What is needed
Only the pictures are to be dropped; the rest of the data below is to be duplicated exactly.

Stored data
____________

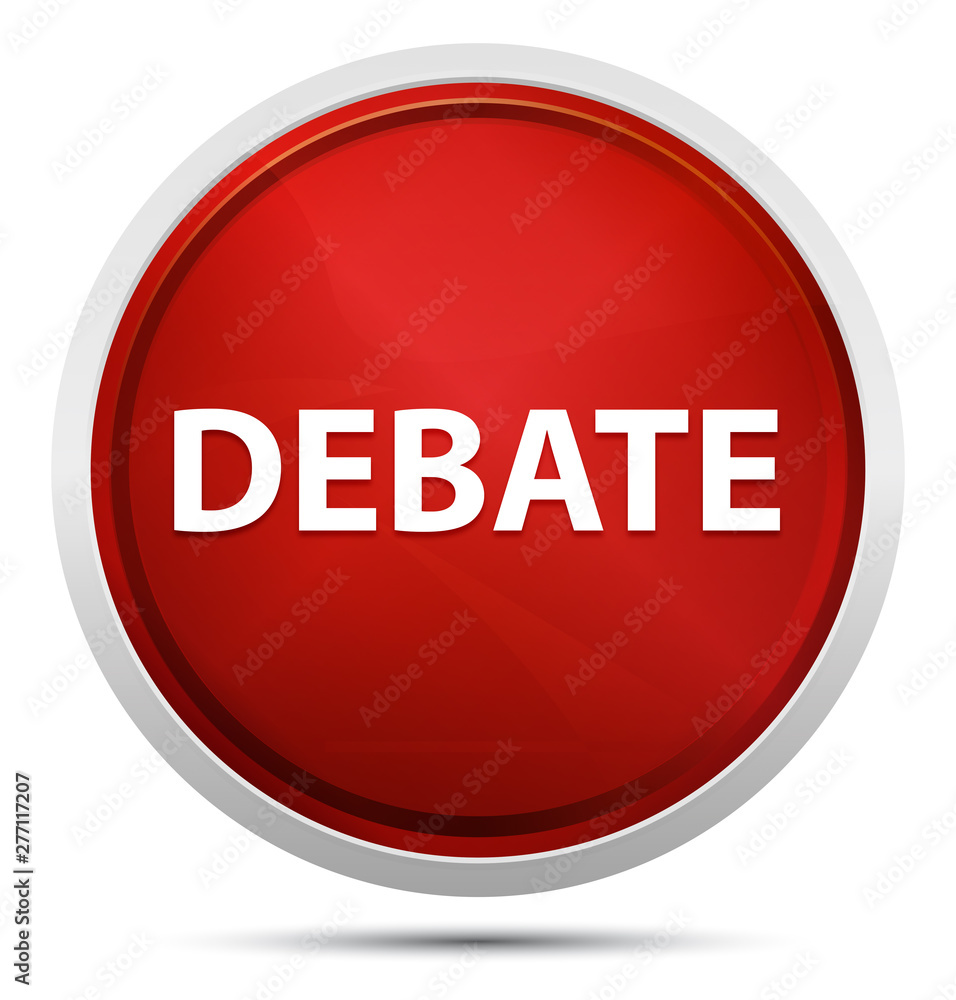 Debate Promo Red Round Button Debate Promo Red Round Button
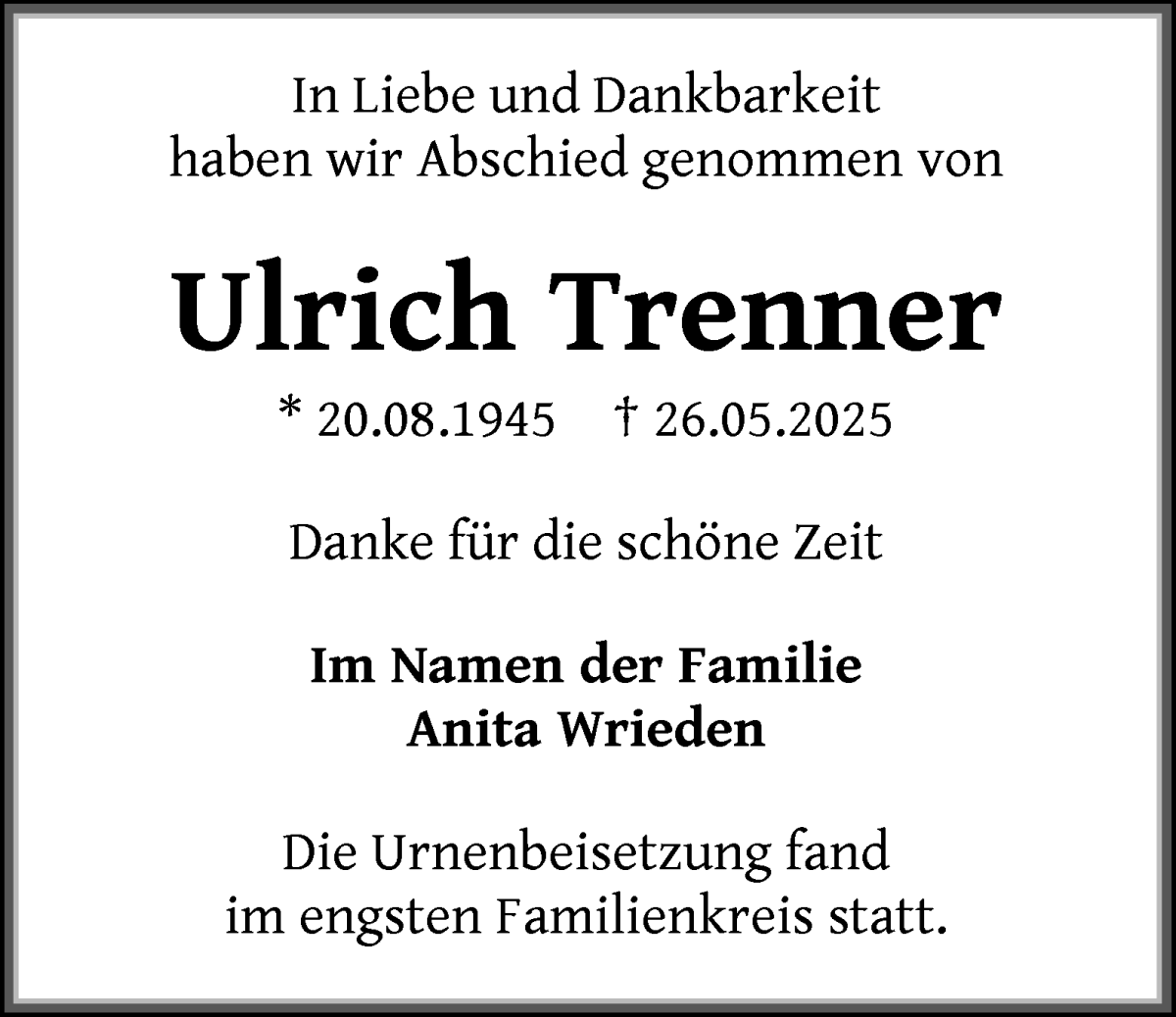 Traueranzeige von Ulrich Trenner von WESER-KURIER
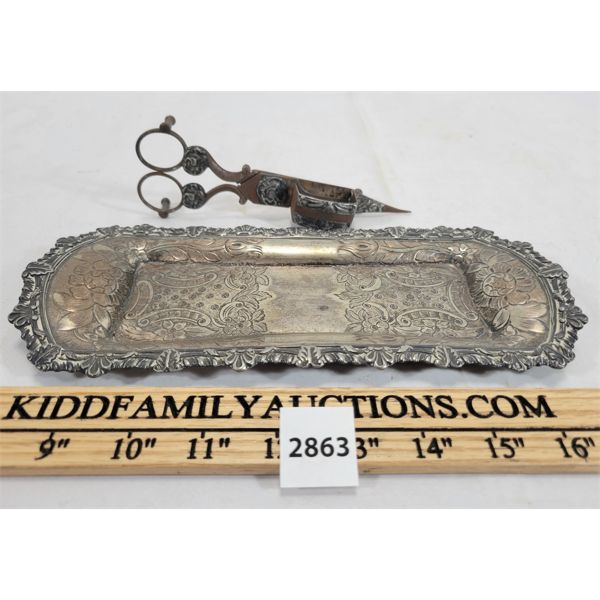 CANDLE SNUFFING SCISSORS & PEN TRAY - SILVER PLATE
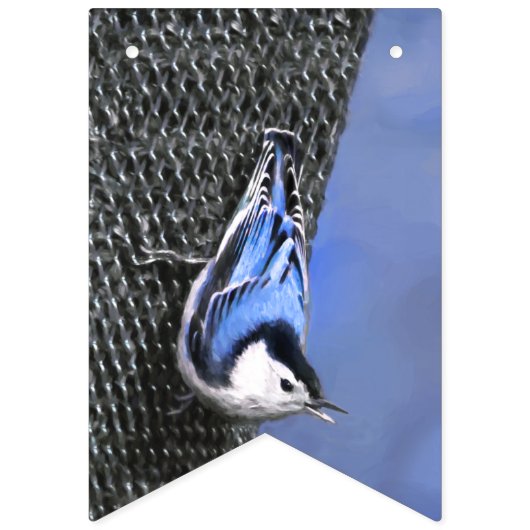 White-Breasted Nuthatch schilderende Originele Bir Vlaggetjes (Eerste vlag)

____________

Answer to this exercise
 Debate Promo Red Round Button Debate Promo Red Round Button
 Traueranzeige von Ulrich Trenner von WESER-KURIER
 CANDLE SNUFFING SCISSORS & PEN TRAY - SILVER PLATE
 White-Breasted Nuthatch schilderende Originele Bir Vlaggetjes (Eerste vlag)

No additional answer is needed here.